The enjoyment I derive from going to an art exhibition, especially of abstract works, is the process of interpretation. Trying to make sense of the patterns, colours, lines, and brush strokes is like feeding on a sort of cerebral feast. I keep discovering ideas and meanings as I interpret them. But, I also often wonder whether I might have got them all wrong. Therefore, it was a perfect opportunity when an exhibition near where I lived would be attended personally by the artist: I could ask her how to interpret and enjoy them.
At the Art Hall, the usher pointed at the direction of Jackie Lee, the artist, but I was distracted. I was more preoccupied with seeing her works. They were eclectic choices. I admired her depictions of tango music in paintings and was particularly curious about the interpretations of local sights. Why did she paint them in such lights? What did she want to capture? What did she want to tell? I was also particularly fond of the painting of a rose with an effect of gold gilding, but what struck a chord with me were the abstract works. And, that was when I approached the unassuming lady. My encounter with her would prove to be quite the revelation.
Rose: The Rose gives her a sense of comfort, and Jackie Lee’s fondness of a special copper-toned gold pigment is evident in the gold gilding on the petals. This particular pigment can only be ordered from the United States, where she spent a large part honing her skills and where she developed a special attachment. To me, it evokes the opulent oriental rose of Portrait of A Lady (Frédéric Malle, 2010).
Skyline of Hong Kong: The colourful skyline of Hong Kong at night as seen through Jackie Lee’s eyes.
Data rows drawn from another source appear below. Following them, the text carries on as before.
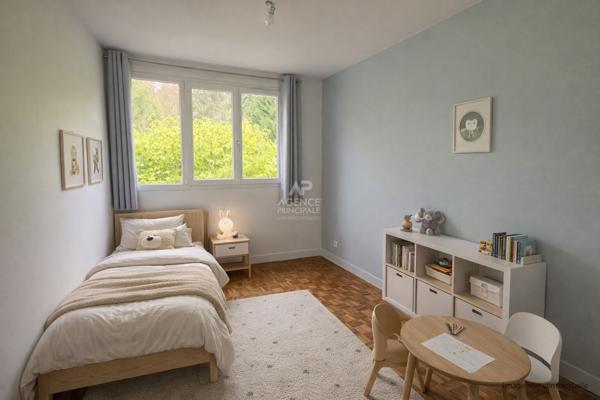 SEVRES BRANCAS - APPARTEMENT 3 CHAMBRES €449 000 ** - Référence 511-S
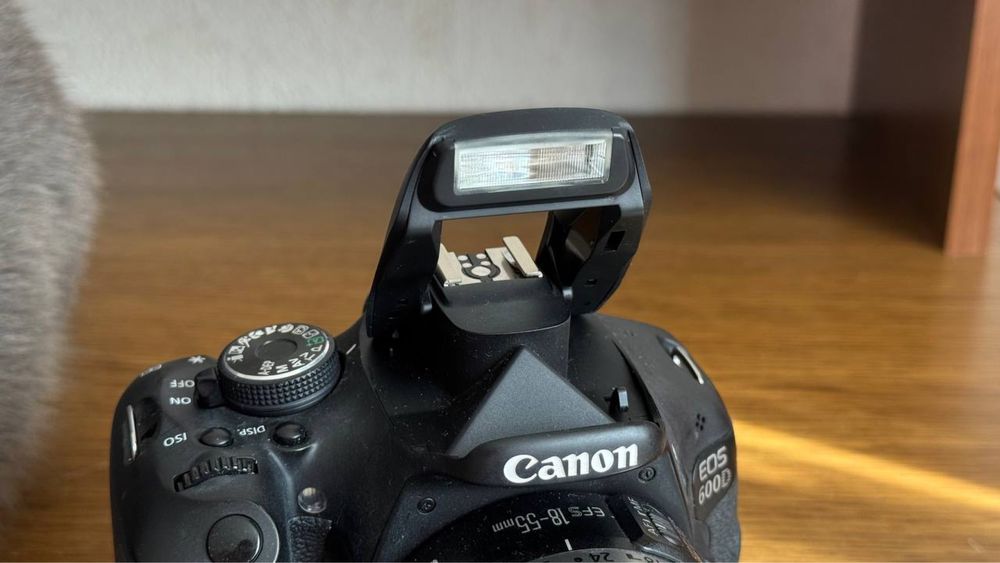 Продам Canon 600D+комплект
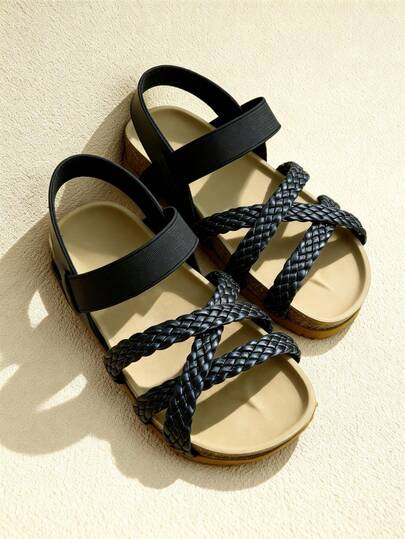 新品上市——复古编织平底凉鞋，适合3-12岁儿童。黑棕撞色光滑仿皮鞋面，交叉编织纹理。露趾平底设计，搭配弹性织带。橡胶防滑鞋底。复古休闲通勤风。适合日常休闲穿着、度假郊游和轻度通勤。春夏外穿的完美之选！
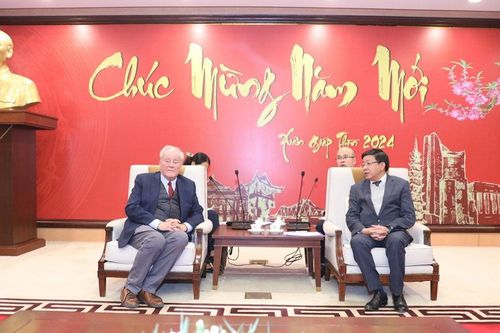 Hà Nội tăng cường hợp tác với Pháp trong cung cấp nước sạch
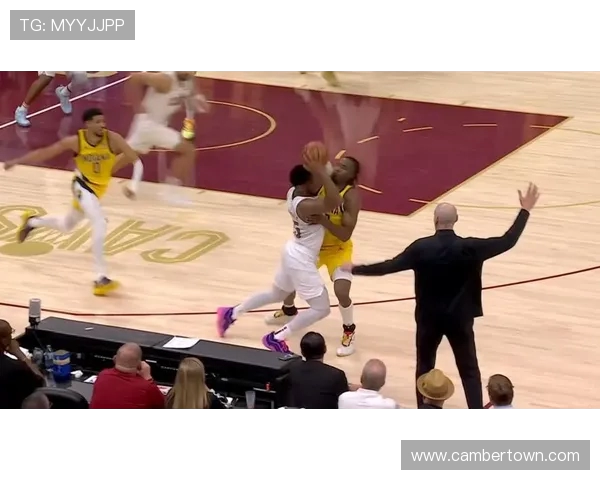 球员以球砸裁判并戏耍抢断挑衅吹扬嘲弄终被驱逐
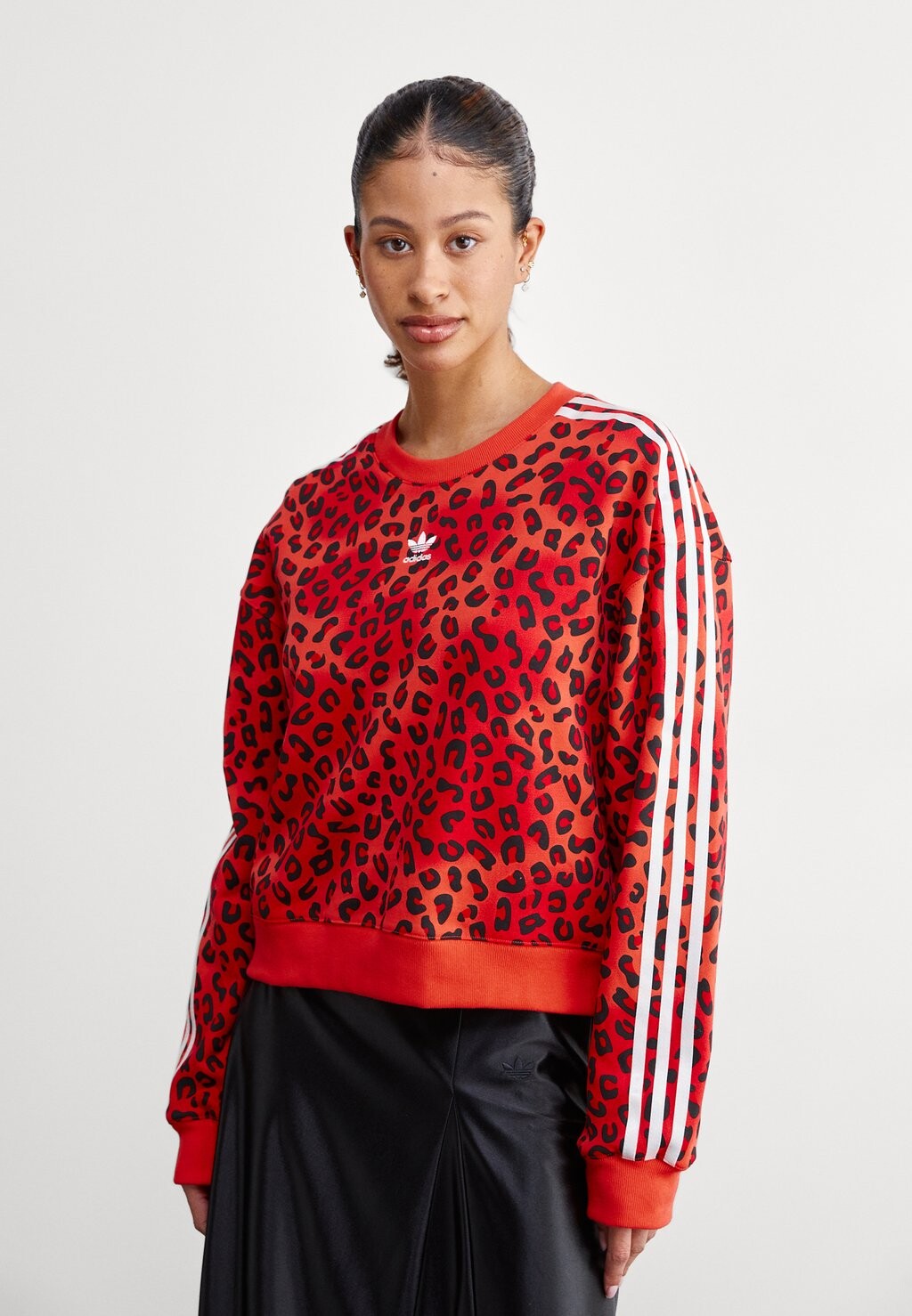 

Толстовка Crew adidas Originals, цвет bright red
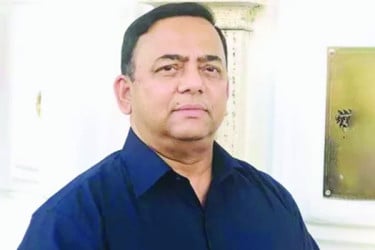 বেনজীরকে ফেরত চেয়ে আমিরাতকে দুদকের চিঠি
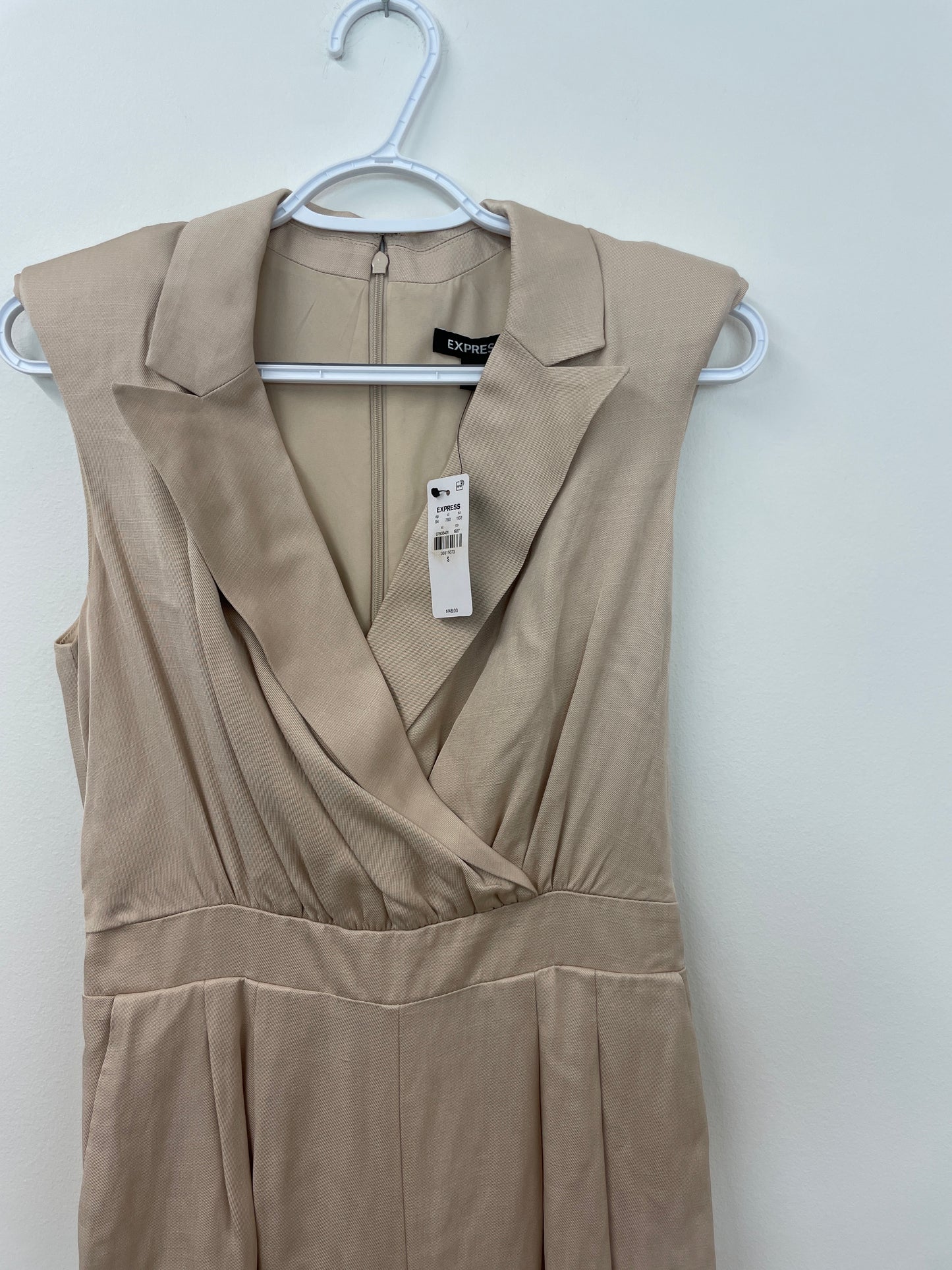 Express sleeveless jumpsuit Size S / NWT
Although she had lived in Hong Kong for a long time, that particular night when the skyline seemed to have been imbued with bizarre colours, the likes of which she had never seen or thought of before, inspired her to capture them.
As I noticed the use of lines reminiscent of many works by Joan Miró, I asked her whether she had a particular influence or style. The answer was yes and no: ‘As much as I try to develop my own style, I also do not wish to limit myself to a single style’. This was also the reason why she did not want to work for galleries. She believed that confining herself to a house style would limit her breadth of options, of what she could do.
This freedom of expression, moreover, accounted for her love of abstraction. According to Jackie Lee, there were no rules in abstraction, and ‘you make the painting yours’. The artist created an abstract as the embodiment of his emotions for himself, but he made no impositions or provisions for the audience. Thus, one could interpret the abstract piece however one liked. ‘It is my secret, but it is also yours,’ as Jackie put it. To enjoy an abstract was not to know the story behind it, but to think and interpret it for oneself, to make it your own.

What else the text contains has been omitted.